Economist Professor John Gatsi says Ghana’s economy has not reached the stage whereby it can adopt a ‘weak currency’ policy.
Meanwhile, Chairman of the Finance Committee in Parliament and an Economist, Dr. Mark Assibey-Yeboah had said it is not always good to have a strong currency.
According to him, the weakness of the cedi attracts more tourists to Ghana and thus stimulates tourism.
“It is not a good thing to have a strong currency”, explaining: “Do you know why tourists come here? When your currency is weak, it’s a fair place. You, when you are going on vacation, you’ll not go to a country that has a very strong currency because you need to exchange a lot; if you are going to the UK, you need to exchange a lot of cedis to get the pounds to go there.”
But the argument by many analysts and market watchers is that a weaker currency affects inflation, impact negatively on the cost of doing business as well as increasing cost of living.

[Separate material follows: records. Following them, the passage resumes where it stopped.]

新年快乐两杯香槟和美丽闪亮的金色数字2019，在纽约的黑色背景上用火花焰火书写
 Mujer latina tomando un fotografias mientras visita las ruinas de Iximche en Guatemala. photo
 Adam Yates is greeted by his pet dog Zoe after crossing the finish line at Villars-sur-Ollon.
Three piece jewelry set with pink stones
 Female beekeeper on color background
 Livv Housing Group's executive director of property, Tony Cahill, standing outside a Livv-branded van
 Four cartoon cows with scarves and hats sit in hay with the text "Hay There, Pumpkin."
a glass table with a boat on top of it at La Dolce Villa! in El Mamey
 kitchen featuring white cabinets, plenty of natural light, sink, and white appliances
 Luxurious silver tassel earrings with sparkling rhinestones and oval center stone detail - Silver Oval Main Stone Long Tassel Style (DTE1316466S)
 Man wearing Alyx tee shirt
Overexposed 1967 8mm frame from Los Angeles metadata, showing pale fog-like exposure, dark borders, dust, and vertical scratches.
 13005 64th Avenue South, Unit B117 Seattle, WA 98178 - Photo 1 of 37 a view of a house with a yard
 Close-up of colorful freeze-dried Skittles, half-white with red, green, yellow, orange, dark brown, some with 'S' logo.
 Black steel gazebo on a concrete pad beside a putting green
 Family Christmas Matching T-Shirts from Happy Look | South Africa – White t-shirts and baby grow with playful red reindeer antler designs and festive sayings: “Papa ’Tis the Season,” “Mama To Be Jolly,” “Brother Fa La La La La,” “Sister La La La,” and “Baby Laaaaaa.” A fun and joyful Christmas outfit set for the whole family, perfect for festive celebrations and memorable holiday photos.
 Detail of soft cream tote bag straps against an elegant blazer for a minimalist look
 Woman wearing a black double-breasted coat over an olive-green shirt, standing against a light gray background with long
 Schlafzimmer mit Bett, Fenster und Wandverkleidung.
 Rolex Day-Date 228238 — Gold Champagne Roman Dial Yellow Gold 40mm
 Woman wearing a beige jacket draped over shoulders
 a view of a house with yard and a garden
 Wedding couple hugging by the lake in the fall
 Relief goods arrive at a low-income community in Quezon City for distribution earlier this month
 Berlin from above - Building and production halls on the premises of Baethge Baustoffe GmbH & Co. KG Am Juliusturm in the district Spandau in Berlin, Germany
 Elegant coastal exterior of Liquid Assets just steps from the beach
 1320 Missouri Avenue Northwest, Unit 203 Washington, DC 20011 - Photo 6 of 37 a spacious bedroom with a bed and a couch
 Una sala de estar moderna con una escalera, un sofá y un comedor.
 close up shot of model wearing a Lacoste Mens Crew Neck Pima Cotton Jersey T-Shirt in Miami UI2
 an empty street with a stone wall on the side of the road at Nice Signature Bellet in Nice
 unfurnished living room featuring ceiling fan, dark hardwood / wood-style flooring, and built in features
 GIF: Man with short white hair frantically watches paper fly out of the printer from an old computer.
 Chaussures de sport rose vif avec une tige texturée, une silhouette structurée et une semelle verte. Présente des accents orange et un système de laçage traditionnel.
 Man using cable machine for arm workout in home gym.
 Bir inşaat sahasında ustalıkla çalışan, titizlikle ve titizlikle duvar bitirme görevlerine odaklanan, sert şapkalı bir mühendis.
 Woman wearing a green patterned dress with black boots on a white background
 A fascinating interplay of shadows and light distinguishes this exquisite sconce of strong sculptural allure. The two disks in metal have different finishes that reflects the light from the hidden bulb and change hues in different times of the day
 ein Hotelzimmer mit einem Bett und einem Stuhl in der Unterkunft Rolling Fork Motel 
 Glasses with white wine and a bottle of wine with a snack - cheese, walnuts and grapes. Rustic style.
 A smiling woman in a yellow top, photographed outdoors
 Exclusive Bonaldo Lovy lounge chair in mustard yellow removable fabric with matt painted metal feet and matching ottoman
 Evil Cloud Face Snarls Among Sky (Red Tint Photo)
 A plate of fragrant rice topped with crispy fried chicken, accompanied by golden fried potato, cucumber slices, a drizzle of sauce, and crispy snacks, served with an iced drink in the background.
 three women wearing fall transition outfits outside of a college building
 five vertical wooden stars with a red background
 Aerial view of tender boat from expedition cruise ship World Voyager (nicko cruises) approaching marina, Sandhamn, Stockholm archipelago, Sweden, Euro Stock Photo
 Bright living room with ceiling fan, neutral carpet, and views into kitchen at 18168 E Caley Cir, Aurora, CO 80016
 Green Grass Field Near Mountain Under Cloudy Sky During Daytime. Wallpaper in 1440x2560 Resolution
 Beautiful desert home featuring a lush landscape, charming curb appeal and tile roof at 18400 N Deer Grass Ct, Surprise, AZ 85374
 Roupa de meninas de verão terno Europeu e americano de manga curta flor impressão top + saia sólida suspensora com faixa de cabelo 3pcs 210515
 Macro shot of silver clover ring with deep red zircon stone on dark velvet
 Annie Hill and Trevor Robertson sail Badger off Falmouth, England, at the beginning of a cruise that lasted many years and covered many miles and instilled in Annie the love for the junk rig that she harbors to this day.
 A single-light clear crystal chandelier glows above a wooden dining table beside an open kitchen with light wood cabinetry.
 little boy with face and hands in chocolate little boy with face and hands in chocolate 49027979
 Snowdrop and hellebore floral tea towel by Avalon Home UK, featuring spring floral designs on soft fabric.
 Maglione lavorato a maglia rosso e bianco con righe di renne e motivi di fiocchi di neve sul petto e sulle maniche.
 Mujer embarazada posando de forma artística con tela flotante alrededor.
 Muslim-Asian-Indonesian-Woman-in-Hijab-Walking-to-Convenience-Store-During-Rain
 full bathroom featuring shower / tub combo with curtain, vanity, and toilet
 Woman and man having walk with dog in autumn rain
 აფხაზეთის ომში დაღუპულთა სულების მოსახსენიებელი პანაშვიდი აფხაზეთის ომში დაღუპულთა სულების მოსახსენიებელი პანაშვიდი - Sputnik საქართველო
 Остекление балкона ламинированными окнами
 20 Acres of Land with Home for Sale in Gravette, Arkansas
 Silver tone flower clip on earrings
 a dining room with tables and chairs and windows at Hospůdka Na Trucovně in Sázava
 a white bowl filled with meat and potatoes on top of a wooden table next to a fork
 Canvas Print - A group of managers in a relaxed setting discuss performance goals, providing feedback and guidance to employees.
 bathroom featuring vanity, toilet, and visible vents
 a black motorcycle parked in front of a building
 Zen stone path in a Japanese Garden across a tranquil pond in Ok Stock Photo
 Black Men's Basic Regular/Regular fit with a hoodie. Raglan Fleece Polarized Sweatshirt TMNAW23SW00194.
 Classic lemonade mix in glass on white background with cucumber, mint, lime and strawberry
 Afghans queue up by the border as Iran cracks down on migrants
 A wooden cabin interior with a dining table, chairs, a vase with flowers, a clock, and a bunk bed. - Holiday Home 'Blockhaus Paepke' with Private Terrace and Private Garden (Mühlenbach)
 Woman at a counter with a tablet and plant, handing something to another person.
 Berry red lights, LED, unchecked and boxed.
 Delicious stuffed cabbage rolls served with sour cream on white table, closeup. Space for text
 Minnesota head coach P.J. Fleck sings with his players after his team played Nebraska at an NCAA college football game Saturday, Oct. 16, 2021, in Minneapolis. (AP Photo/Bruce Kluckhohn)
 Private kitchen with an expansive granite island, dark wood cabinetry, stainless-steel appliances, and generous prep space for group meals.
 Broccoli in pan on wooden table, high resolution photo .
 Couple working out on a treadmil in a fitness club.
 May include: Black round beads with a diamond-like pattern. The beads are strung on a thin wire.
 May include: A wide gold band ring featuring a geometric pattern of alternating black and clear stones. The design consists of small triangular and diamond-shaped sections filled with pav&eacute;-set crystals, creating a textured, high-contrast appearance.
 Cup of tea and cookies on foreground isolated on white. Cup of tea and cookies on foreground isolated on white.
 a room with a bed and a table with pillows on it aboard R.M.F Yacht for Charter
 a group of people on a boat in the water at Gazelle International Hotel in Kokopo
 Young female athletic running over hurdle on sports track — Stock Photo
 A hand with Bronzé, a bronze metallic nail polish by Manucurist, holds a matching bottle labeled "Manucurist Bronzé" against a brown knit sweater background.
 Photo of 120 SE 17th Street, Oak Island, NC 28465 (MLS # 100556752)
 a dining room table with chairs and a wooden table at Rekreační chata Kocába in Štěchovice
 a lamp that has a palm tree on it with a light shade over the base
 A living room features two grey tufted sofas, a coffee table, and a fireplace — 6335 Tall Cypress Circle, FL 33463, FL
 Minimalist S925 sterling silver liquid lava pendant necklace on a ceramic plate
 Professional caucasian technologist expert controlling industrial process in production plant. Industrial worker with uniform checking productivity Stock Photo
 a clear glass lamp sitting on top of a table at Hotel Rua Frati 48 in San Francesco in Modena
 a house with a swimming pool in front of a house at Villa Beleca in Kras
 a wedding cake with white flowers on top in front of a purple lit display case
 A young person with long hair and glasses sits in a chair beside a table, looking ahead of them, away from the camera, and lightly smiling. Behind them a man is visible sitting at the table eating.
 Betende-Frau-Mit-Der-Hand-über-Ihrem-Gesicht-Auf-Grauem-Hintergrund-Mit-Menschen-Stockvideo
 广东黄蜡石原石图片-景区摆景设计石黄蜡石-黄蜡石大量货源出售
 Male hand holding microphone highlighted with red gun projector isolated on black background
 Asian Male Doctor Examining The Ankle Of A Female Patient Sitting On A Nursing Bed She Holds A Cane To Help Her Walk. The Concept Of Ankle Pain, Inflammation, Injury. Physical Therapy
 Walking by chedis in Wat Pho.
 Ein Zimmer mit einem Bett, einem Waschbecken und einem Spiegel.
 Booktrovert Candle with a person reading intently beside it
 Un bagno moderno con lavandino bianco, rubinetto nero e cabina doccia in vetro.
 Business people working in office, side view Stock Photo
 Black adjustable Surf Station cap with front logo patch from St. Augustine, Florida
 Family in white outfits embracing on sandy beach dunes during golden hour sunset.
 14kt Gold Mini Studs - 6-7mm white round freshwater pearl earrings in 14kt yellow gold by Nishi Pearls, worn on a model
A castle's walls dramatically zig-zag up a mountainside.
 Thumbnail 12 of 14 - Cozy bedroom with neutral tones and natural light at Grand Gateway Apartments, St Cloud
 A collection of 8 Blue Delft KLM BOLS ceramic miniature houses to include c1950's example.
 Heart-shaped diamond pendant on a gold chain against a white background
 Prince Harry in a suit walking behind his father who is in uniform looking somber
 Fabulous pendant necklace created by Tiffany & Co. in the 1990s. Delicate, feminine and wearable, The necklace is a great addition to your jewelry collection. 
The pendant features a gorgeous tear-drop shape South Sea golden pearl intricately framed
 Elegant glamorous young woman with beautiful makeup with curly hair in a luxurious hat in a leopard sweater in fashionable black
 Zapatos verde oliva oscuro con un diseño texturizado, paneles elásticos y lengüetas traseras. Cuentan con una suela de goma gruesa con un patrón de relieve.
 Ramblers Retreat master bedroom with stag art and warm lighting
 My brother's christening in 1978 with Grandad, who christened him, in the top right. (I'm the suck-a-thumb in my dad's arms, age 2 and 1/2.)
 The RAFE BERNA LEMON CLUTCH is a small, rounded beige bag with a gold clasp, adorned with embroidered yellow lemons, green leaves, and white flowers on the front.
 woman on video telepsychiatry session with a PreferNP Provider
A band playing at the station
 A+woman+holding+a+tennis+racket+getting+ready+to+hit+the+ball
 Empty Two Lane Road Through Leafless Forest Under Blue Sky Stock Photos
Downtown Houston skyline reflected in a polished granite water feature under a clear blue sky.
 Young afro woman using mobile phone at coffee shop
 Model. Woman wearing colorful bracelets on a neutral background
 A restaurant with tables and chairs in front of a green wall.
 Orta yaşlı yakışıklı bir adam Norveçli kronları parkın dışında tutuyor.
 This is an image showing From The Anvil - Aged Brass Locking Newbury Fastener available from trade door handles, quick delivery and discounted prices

Professor Gatsi says a country can only adopt a weak currency policy when its manufacturing sector is very strong whilst exports is robust.
“The issue is that weak currency in an economic environment where production is effective and export is robust, it helps to ensure economic activities go on, generate more from exports; that is what weak currency does, that is an advantage of a weak currency. But in an environment like Ghana where productivity is low, exports to GDP is low, value addition is low, a weaker currency will not help your economy.
The cedi ended the first two months of 2020 much more stronger (appreciation) than previous years.